— Exercise requirements —
Take the line that contains "LIFKOME 10-inch Alloy" and all lines after it, up to and including the last line of the data, and write them out exactly; nothing else belongs in the answer.

[Start of Attachment]

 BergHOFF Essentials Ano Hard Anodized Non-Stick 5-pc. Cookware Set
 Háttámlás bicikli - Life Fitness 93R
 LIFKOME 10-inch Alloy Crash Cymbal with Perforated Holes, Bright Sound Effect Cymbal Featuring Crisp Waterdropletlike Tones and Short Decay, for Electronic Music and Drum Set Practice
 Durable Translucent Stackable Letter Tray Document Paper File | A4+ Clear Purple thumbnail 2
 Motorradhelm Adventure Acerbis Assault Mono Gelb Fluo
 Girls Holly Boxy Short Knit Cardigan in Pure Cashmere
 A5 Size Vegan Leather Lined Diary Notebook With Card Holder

[End of Attachment]

— Output —
 LIFKOME 10-inch Alloy Crash Cymbal with Perforated Holes, Bright Sound Effect Cymbal Featuring Crisp Waterdropletlike Tones and Short Decay, for Electronic Music and Drum Set Practice
 Durable Translucent Stackable Letter Tray Document Paper File | A4+ Clear Purple thumbnail 2
 Motorradhelm Adventure Acerbis Assault Mono Gelb Fluo
 Girls Holly Boxy Short Knit Cardigan in Pure Cashmere
 A5 Size Vegan Leather Lined Diary Notebook With Card Holder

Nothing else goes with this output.